[EXERCISE INPUTS Boundary: Start]

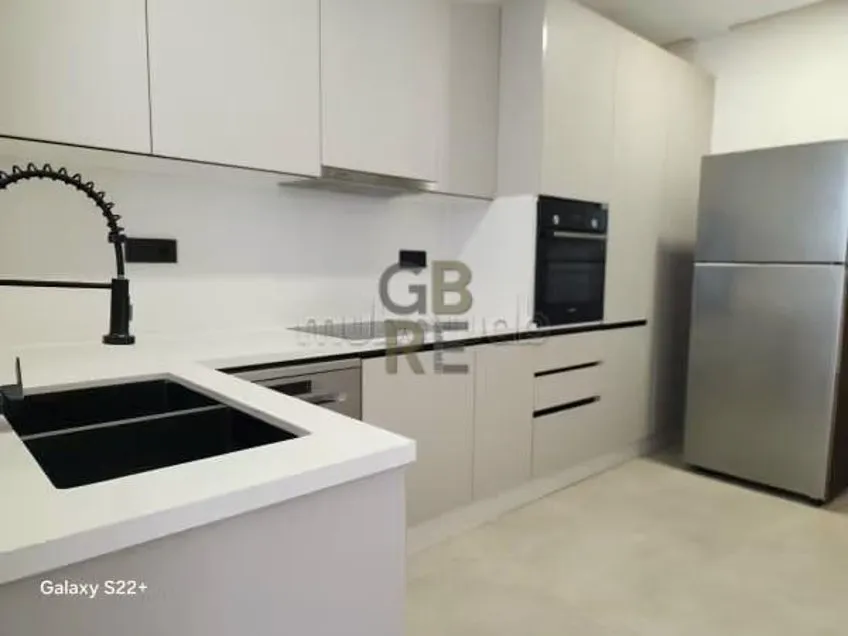 Magnifique appartement en location à l'orangeraie souissi - الرباط (3)
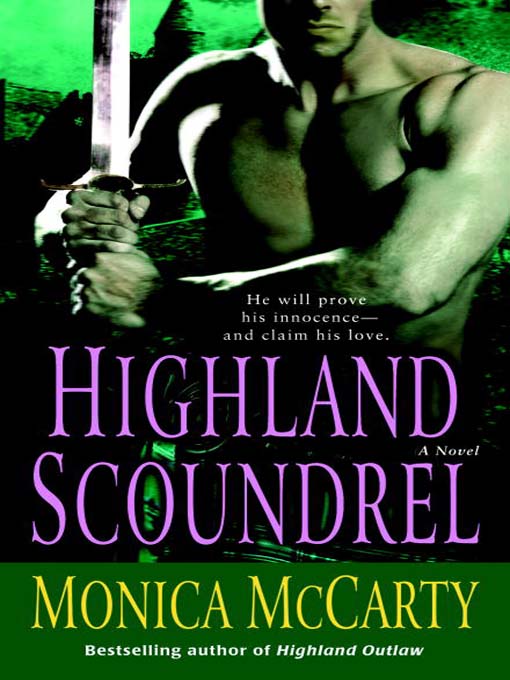 Cover image for Highland Scoundrel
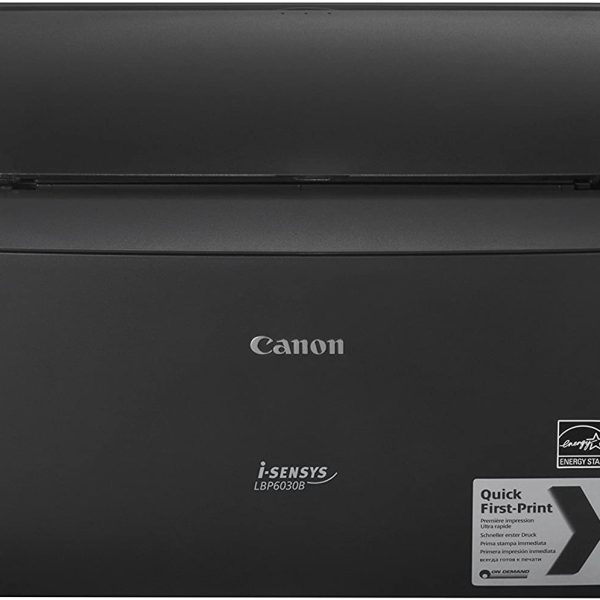 Canon LBP6030BK Mono Laser Siyah Yazıcı + 2 Toner - LBP6030BKx2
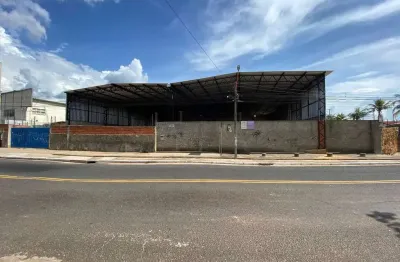 Barracão / Galpão / Depósito para alugar na Avenida Noé Mendes, São Sebastião, Teresina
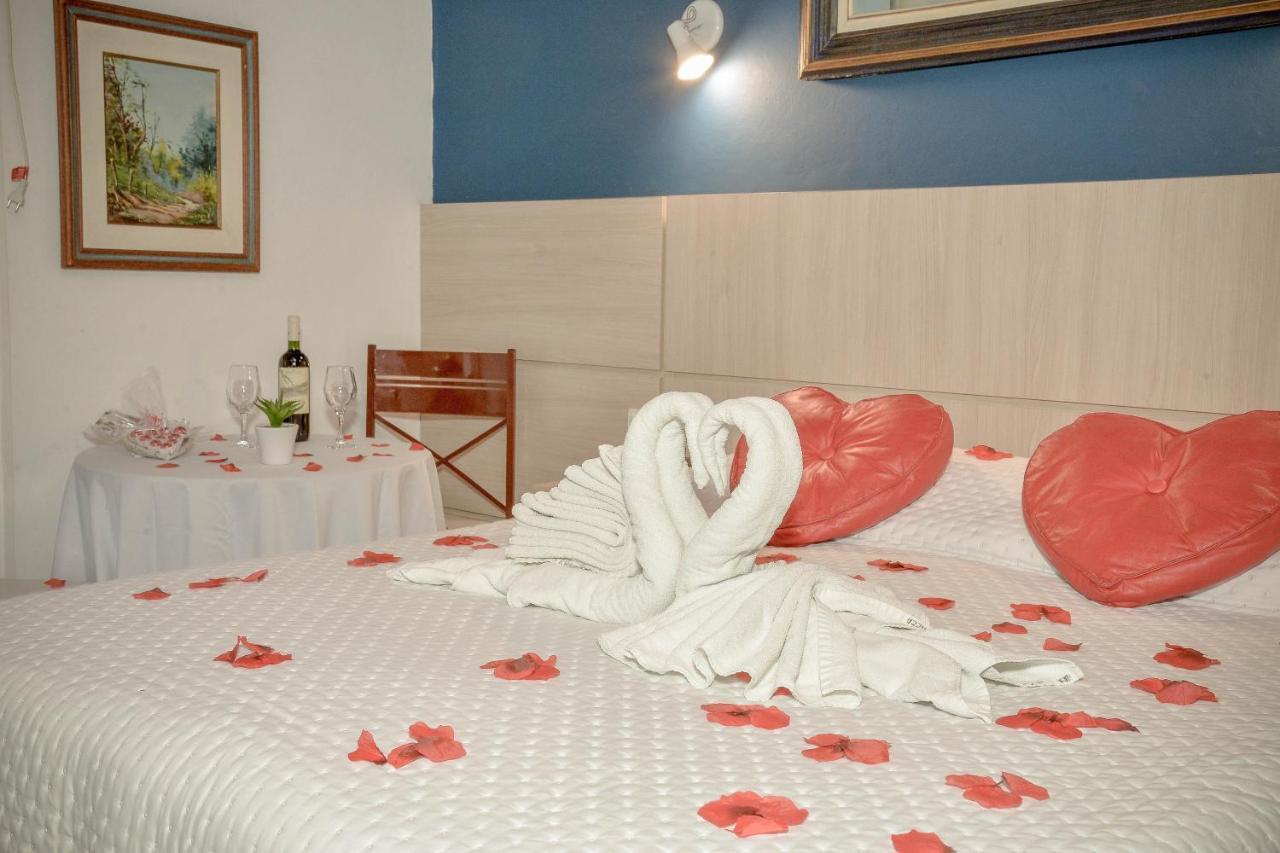 Terrazza Hotel Campos do Jordão エクステリア 写真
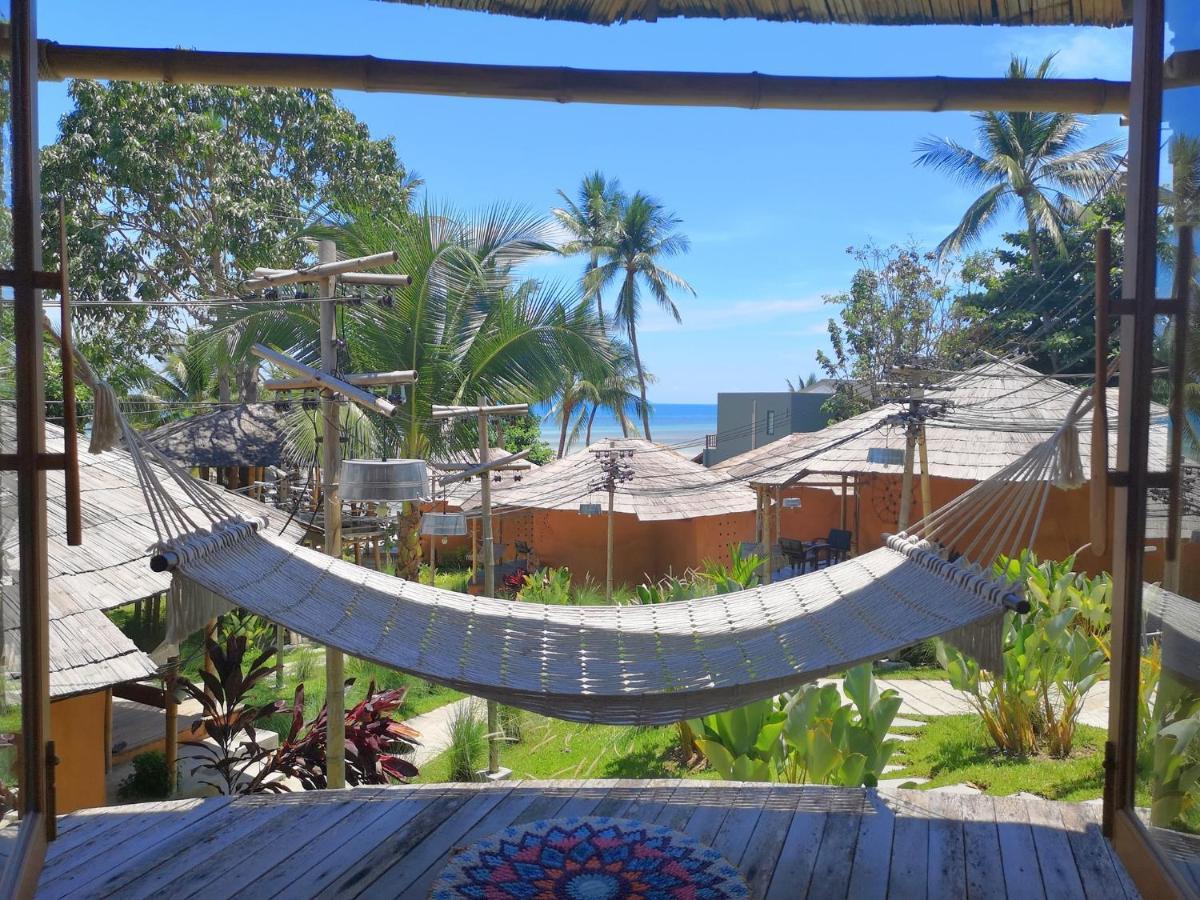 The Mud - Eco Hotel Ban Bang Po Exterior photo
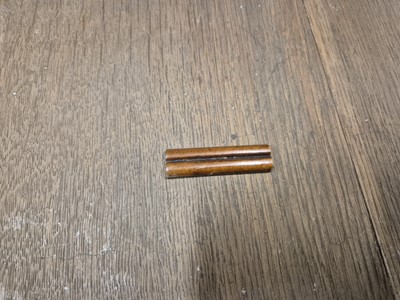 Lot 27 - An early 18th Century George I period walnut feather banded bureau bookcase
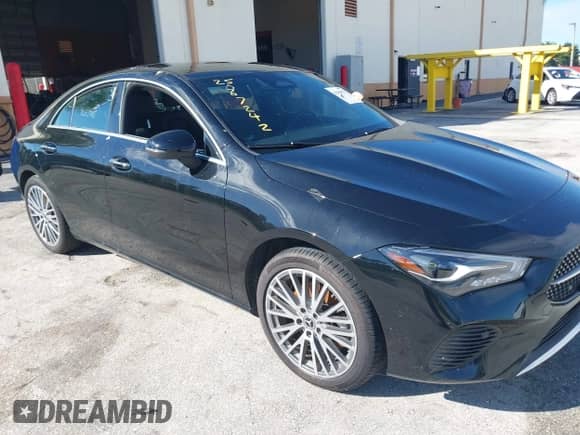 2025 Mercedes-Benz CLA 250 с VIN W1K5J4GB2SN521962, выставлен на аукционе IAAI как лот 43404971 с пробегом 20 402 миль миль и . История ставок и продаж доступна на DreamBid. Изображение 6.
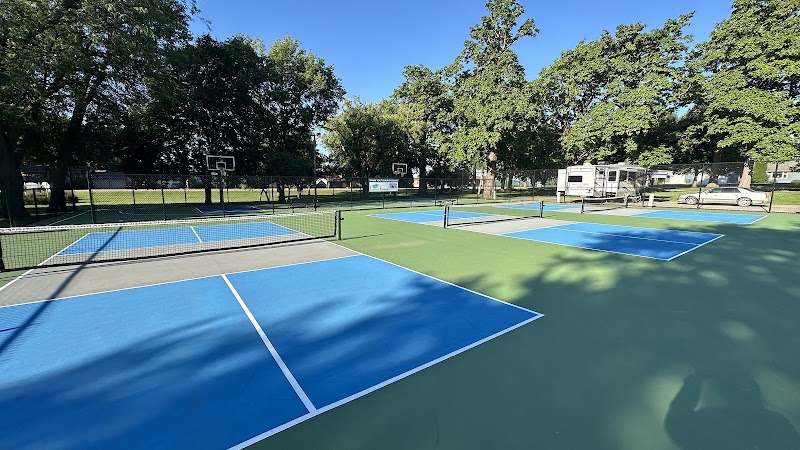City Park Pickleball - Pickleball in Ideal, South Dakota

[EXERCISE INPUTS Boundary: End]

▸ TASK TO CARRY OUT
Using the data above, retype exactly and only the lines from the one containing "Lot 27 - An" up to and including the one containing "2025 Mercedes-Benz CLA", with no pictures carried over.

▸ RESULT OF THE TASK
 Lot 27 - An early 18th Century George I period walnut feather banded bureau bookcase
 2025 Mercedes-Benz CLA 250 с VIN W1K5J4GB2SN521962, выставлен на аукционе IAAI как лот 43404971 с пробегом 20 402 миль миль и . История ставок и продаж доступна на DreamBid. Изображение 6.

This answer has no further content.